• Data to use:
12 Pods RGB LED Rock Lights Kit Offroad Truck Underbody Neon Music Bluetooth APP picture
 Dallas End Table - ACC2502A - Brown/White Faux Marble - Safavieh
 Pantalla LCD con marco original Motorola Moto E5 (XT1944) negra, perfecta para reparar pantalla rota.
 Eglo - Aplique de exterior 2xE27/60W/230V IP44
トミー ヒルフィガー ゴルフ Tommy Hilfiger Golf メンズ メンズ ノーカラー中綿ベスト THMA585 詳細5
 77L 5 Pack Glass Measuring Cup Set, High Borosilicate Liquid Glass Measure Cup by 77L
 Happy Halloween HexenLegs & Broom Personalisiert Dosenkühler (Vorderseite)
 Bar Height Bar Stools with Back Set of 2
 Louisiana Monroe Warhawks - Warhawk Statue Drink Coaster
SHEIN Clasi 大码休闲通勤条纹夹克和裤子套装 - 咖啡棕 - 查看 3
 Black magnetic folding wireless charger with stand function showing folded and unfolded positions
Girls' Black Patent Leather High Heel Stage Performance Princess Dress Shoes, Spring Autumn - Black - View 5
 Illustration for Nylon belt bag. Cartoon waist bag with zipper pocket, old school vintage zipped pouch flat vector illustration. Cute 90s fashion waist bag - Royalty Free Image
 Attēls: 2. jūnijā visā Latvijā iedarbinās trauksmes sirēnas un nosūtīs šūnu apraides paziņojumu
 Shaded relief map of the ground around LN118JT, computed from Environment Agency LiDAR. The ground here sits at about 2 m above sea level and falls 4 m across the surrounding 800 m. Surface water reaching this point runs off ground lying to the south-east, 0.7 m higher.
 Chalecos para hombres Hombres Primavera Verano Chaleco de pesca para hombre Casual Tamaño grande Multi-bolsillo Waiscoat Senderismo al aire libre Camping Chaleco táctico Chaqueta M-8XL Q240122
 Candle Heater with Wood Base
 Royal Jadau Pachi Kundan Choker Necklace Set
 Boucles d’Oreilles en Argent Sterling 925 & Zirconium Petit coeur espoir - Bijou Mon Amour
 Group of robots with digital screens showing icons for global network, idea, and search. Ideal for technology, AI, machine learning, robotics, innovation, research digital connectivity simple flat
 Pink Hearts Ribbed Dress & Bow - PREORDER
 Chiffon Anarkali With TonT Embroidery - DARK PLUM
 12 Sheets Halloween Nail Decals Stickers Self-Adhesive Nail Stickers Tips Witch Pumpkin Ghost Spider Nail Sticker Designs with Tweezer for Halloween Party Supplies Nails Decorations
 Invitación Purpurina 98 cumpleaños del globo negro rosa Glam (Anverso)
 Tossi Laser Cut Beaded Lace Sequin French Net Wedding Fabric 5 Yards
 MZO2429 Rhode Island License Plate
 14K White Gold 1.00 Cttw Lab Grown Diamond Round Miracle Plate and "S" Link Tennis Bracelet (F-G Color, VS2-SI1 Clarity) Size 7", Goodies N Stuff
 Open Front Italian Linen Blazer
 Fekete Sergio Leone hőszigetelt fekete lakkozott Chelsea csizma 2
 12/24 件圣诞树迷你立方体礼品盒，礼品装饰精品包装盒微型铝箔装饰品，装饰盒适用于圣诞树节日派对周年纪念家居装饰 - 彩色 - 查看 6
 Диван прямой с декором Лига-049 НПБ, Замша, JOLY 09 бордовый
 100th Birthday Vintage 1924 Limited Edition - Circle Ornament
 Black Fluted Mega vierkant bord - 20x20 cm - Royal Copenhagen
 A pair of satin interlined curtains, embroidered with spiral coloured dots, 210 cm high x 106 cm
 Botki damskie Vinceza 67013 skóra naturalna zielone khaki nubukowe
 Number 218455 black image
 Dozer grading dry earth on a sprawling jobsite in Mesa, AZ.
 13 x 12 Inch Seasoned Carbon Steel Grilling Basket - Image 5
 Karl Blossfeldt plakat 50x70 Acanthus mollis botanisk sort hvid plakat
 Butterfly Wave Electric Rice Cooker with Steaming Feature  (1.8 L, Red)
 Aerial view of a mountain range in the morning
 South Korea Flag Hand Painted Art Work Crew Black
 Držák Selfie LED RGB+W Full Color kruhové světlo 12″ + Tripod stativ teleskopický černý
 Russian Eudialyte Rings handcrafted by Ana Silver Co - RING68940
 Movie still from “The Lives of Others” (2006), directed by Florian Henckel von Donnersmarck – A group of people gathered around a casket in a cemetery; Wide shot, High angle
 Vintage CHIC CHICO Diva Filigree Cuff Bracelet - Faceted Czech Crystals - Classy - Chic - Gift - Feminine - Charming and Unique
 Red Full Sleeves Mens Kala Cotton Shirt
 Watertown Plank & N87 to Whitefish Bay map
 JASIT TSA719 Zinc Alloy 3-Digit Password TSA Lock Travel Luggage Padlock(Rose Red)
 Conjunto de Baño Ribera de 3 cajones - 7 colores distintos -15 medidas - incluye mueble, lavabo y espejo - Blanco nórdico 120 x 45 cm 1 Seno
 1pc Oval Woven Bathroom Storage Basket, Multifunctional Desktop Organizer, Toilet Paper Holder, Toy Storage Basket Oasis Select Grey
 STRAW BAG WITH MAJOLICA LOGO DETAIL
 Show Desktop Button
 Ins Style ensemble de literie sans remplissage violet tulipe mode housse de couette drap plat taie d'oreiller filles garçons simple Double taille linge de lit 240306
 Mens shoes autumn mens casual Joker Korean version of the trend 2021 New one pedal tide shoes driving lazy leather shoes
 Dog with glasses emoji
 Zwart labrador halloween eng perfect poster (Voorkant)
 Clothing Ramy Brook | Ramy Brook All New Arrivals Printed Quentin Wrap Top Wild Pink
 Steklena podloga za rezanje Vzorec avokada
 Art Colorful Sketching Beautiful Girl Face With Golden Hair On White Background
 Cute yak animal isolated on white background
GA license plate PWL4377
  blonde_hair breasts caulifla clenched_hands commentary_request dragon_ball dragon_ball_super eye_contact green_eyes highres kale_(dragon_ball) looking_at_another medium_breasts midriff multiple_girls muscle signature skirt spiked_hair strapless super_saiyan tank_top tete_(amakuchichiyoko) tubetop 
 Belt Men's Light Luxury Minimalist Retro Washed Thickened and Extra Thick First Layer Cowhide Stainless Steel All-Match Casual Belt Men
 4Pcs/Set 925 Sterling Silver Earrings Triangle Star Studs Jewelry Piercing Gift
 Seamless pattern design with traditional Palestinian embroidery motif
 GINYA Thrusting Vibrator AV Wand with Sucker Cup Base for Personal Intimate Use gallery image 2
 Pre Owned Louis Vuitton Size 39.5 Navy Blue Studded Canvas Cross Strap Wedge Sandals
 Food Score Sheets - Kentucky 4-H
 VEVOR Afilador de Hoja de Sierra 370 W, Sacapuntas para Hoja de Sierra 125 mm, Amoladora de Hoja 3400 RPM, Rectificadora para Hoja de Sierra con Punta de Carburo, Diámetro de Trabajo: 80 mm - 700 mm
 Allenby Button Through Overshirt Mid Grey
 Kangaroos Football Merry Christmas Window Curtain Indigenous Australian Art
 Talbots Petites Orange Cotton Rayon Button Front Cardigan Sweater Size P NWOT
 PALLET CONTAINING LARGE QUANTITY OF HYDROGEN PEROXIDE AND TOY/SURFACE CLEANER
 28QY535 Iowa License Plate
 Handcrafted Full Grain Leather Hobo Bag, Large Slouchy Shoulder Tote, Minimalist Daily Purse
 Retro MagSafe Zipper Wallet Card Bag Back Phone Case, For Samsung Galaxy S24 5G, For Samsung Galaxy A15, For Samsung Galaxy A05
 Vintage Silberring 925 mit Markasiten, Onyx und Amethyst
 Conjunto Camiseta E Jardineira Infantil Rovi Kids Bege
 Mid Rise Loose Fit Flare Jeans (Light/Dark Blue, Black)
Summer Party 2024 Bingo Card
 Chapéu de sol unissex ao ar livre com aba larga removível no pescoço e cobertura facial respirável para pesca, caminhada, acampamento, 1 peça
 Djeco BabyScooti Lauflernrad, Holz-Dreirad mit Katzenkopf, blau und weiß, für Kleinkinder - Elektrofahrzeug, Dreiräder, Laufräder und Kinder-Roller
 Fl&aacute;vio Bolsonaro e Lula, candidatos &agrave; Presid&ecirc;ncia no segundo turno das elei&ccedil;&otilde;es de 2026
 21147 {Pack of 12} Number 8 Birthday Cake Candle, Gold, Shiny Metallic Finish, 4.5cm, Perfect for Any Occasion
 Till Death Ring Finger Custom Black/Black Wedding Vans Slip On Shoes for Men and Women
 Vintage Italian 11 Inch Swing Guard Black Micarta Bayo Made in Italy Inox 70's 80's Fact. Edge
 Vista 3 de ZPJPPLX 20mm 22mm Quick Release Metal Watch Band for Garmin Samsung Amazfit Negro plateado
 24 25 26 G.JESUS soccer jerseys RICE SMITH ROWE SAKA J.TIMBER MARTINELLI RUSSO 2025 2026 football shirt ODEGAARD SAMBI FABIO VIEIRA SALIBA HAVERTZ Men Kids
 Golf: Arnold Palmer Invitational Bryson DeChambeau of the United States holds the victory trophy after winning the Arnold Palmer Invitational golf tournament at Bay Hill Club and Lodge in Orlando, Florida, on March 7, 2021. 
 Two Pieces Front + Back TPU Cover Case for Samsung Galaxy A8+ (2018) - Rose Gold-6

• Directions for this task: From the entries above, print the lines beginning at the one with "Vintage Silberring 925" and stopping after the one with "for Any Occasion", exactly as written and with nothing else.

• Solution to the problem:
 Vintage Silberring 925 mit Markasiten, Onyx und Amethyst
 Conjunto Camiseta E Jardineira Infantil Rovi Kids Bege
 Mid Rise Loose Fit Flare Jeans (Light/Dark Blue, Black)
Summer Party 2024 Bingo Card
 Chapéu de sol unissex ao ar livre com aba larga removível no pescoço e cobertura facial respirável para pesca, caminhada, acampamento, 1 peça
 Djeco BabyScooti Lauflernrad, Holz-Dreirad mit Katzenkopf, blau und weiß, für Kleinkinder - Elektrofahrzeug, Dreiräder, Laufräder und Kinder-Roller
 Fl&aacute;vio Bolsonaro e Lula, candidatos &agrave; Presid&ecirc;ncia no segundo turno das elei&ccedil;&otilde;es de 2026
 21147 {Pack of 12} Number 8 Birthday Cake Candle, Gold, Shiny Metallic Finish, 4.5cm, Perfect for Any Occasion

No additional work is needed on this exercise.